ILL’s Peter Geltenbort explains: “This represents a significant breakthrough, and a real success for particle physics using neutrons…Over the years the method has been improved steadily, and pushed to its limits. It’s been said in the past that this experiment has disproved more theories than any other in the history of physics – and now it’s delivering the goods all over again.”

The only way scientists can verify their theories to explain this anomaly is to study the corresponding asymmetry in sub-atomic particles, by looking for slight “pear-shaped” distortions in their otherwise spherical forms. It has taken five decades of research to reach the stage where measurements of these particles, called neutrons, have become sensitive enough to test the very best candidate theories. Neutrons are electrically neutral, but they have positive and negative charges moving around inside them. If the centres of gravity of these charges aren’t in the same place, it would result in one end of the neutron being slightly positive, and the other slightly negative. This is called an electric-dipole moment, and it is the phenomenon that physicists have been working to find for the past 50 years. Spin-offs from the original pioneering work in this area include atomic clocks and magnetic-resonance imaging.

The apparatus employed a special type of atomic clock that used spinning neutrons instead of atoms. It applied 120,000 volts to a quartz “bottle” that was filled regularly with neutrons captured from a reactor. The clock frequency was measured through nuclear magnetic resonance.
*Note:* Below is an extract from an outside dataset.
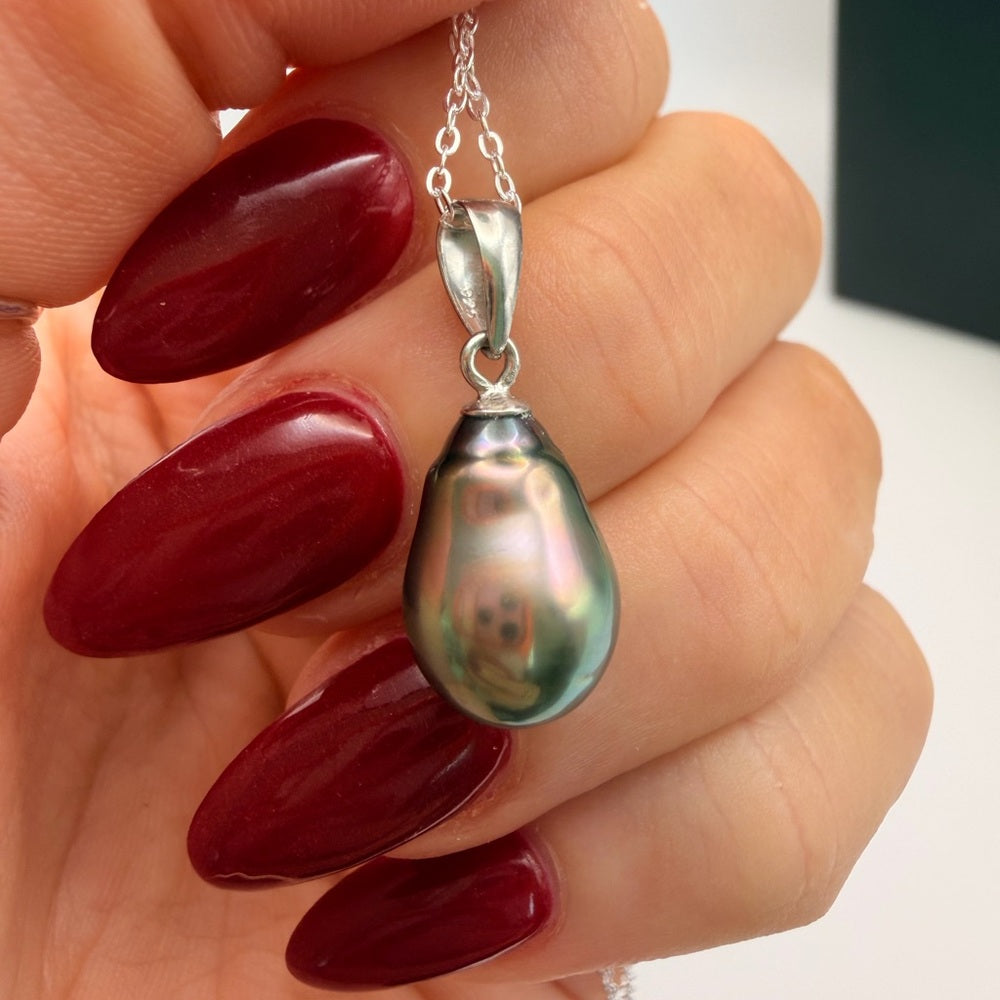 Handmade Tahitian Pearl Necklace (#8)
Philip Harris and Maurits van der Grinten, of Sussex University and Rutherford Appleton Laboratory (RAL) in the UK, worked in conjunction with the ILL. The team has now expanded to include Oxford University and the University of Kure in Japan. They are busy developing a new version of the experiment that will submerge their neutron-clock in a bath of liquid helium, half a degree above absolute zero, they hope to increase their sensitivity a hundredfold.